-- THE PROBLEM --
For each line in the data below that holds "with", return a copy.

-- INPUT MATERIAL --
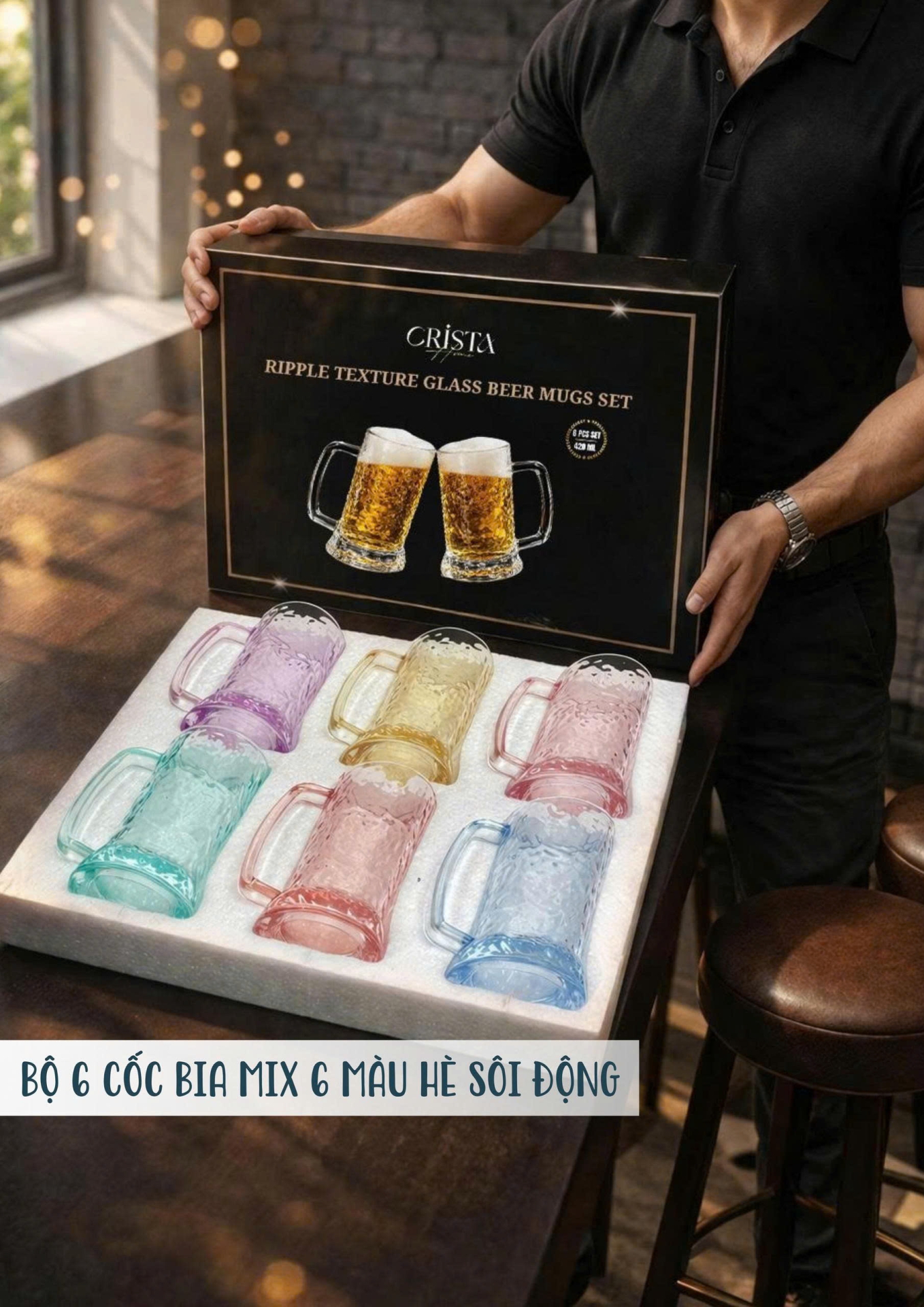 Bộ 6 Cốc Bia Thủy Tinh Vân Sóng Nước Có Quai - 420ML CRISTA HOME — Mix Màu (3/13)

...

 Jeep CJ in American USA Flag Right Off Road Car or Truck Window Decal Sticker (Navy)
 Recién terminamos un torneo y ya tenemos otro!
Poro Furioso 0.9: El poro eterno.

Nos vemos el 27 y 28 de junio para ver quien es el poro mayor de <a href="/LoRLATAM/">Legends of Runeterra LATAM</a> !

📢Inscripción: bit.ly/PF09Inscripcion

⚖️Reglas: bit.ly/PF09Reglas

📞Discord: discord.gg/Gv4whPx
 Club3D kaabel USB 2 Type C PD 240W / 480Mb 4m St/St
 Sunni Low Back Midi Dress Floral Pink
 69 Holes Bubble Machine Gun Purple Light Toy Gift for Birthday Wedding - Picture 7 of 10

---

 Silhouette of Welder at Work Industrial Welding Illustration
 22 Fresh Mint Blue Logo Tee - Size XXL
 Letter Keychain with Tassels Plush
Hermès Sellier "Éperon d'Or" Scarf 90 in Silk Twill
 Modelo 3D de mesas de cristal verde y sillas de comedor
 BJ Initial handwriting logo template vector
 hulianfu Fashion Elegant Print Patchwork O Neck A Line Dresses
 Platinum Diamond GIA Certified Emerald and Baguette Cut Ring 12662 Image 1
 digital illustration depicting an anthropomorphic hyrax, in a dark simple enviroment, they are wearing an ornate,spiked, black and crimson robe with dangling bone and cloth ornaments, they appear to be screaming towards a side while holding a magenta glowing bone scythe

-- ANSWER TO THIS PROBLEM --
 Letter Keychain with Tassels Plush
 digital illustration depicting an anthropomorphic hyrax, in a dark simple enviroment, they are wearing an ornate,spiked, black and crimson robe with dangling bone and cloth ornaments, they appear to be screaming towards a side while holding a magenta glowing bone scythe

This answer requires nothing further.